The prevalence estimates are from a national rate for Thailand [26] and Uganda [27]. Prevalence estimates are from a single regional rate for Brazil [28], Honduras [29] and Indonesia [17] and from two regional estimates for Myanmar [30] and Kenya [31,32]. Data from Thailand date back to 1992, data from Myanmar are from 1993, Kenyan data are from 1993–1997, data from Brazil are from 1995/1996 and Honduran data are from 1998. Indonesian data are from 2000.

The number of Kenyan truck drivers is derived from the number of trucks and lorries in Kenya in 2003 [33]. The Ugandan truck driver population size was extrapolated from the total Ugandan population, using the same proportion of Kenyan truck drivers to the total Kenyan population. For other countries (Brazil, Honduras, Indonesia, Myanmar, Thailand) the number of truck drivers was estimated by taking 5% of the total persons employed in the Major Occupational Division 7 [transport, storage and communication (TSC)] of the ‘International Standard Industrial Classification of all Economic Activities’, using LABORSTA Internet, an online database for labour statistics, maintained by the International Labour Organisation: www.ilo.org (accessed May 2005). The 5% figure is a conservative proportion, derived from data in Indonesia which was the only country we found to have figures for both the number of trucks and the number of persons employed in the TSC sector.

Military

The prevalence estimates are from national rates for Brazil [34], Honduras [35], Indonesia [36], Myanmar [37] and Thailand [34]. The Ugandan prevalence estimate is from a single regional rate [38]. The Cambodian prevalence estimate is from rates from 11 provinces [39]. Prevalence for Brazil, Indonesia, Thailand and Uganda are based on rates for military personnel, and for Honduras and Myanmar rates are for military recruits. Data from Indonesia are from 1992–1993, Ugandan data from 1995–1996 and Cambodian and Honduran data are from 1996 or 1997. Data from other countries are more recent. All at-risk population estimates are from the International Institute of Strategic Studies [40].

Prisoners

The prevalence estimate is from a national rate for Brazil [41], Indonesia [42], Malaysia [43], Myanmar [44] and Uganda [45]. The prevalence estimate is from a single regional rate for Cambodia [46], Honduras [47] and Thailand [48]. The prevalence data from Myanmar are from 1991 and Cambodian data are from 1993. All other studies are from 2001 or more recent. All risk population size estimates are from Dolan et al. [49], with the exception of Indonesia [50].

Injecting drug users

The prevalence estimate is from a national rate for Brazil [50], Indonesia [42], Kenya [51], Myanmar and Malaysia [52], and Thailand [52,53]. Information from Myanmar and Cambodia are from 1993. All other studies are from 2001 or more recent.

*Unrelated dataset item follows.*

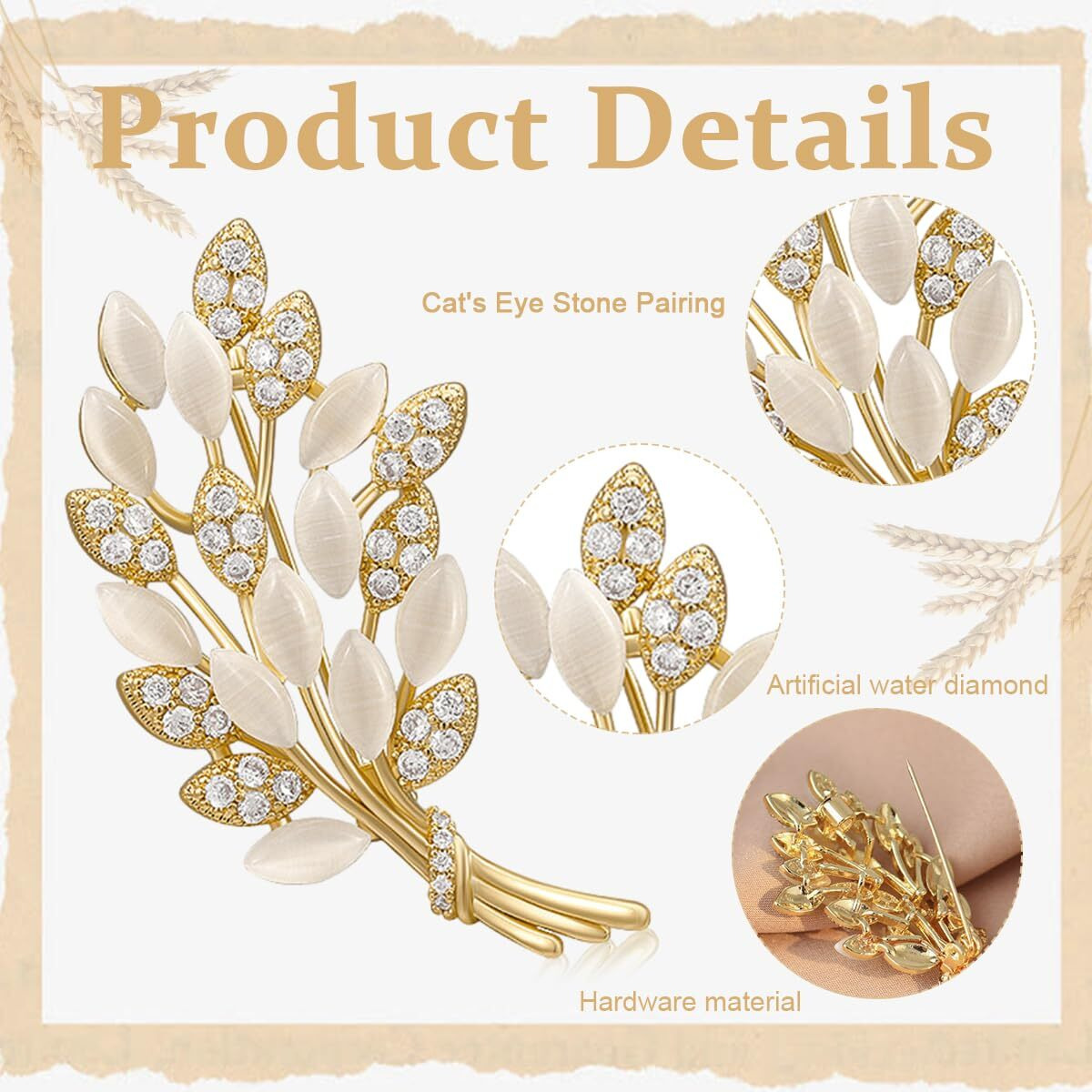 SANNIDHI Brooch for Women Pearl Gardenia Saree Brooch Pin Enamel Alloy Elegant Flower Suit Brooch for Blouse, Dress, Blazer, Scarf - with Gift Box (Gold Wheat)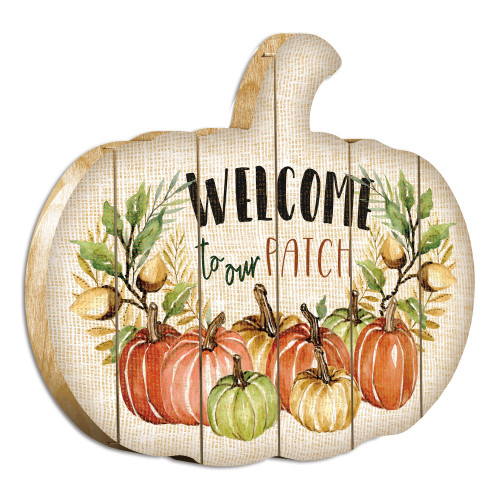 Welcome Pumpkin Wood Plank Wall Art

At-risk population sizes are derived from studies in Brazil [52], Indonesia [42], Thailand [50], Malaysia [54], Myanmar [55], and Kenya [56]. The number of injecting drug users in Kenya is an estimate of opiate users. Not all opiate users inject, so this is likely to be an overestimate.

Sex workers

UNAIDS/WHO sentinel surveillance site data were used to estimate median prevalence rates [13], except for Uganda where these data on sex-workers were not available. Data from Uganda are for sex workers in Kampala, based on the preliminary findings of the Uganda HIV/AIDS Sero-Behavourial Survey [57].

Results

From the ten low or middle-income countries in Africa, Asia and Latin America for which data were available, the estimated number of persons infected in each group and reported ranges of seroprevalence for these groups are shown in Table 1. In all cases except Brazil, HIV prevalence rates in fishermen or fishing communities is four to 14 times higher than the national average prevalence rate for adults aged 15 to 49 years. Again with the exception of Brazil (the sample for which includes hunters in the Amazon basin as well as fishermen), HIV prevalence rates among fisherfolk are higher than for both truck drivers and the military in all countries where comparative data are available and are higher than or equal to (within 1%) the seroprevalence rate for prisoners in four of the eight countries for which data were available, and those for sex workers in two of the ten countries.

Table 1
Table 1:
Estimated number of persons infected with HIV by group at risk in the ten low- or middle-income countries for which HIV prevalence data was available for fisherfolkb.

In the African countries of DRC, Kenya and Uganda the numbers of fishermen likely to be infected with HIV are higher than in any of the other groups considered. This is also the case in the Asian countries of Cambodia, Indonesia and Myanmar (although missing data reduce the value of the Cambodia comparison) and in Thailand it was surpassed only by the number of HIV-infected prisoners. In Honduras the number of people infected with HIV was also the highest among all the groups at risk; however, in Brazil, by contrast the prevalence rates among fishermen (combined with hunters) were low, so although Brazil has a large fishing population, the estimated number of infections among them were much lower than for other sub-populations. In summary, the epidemiological data support the many observations of behavioural and social factors that are thought to place many fisherfolk at high risk to HIV [2].

Discussion

Both HIV prevalences and absolute numbers of infected people were in many cases estimated to be higher among fishermen or members of fishing communities than in other sub-populations that are more usually considered to be ‘populations at higher risk’ in the HIV, public health and policy literatures (with the possible exception of sex workers for whom numbers could not be estimated; see methods section above).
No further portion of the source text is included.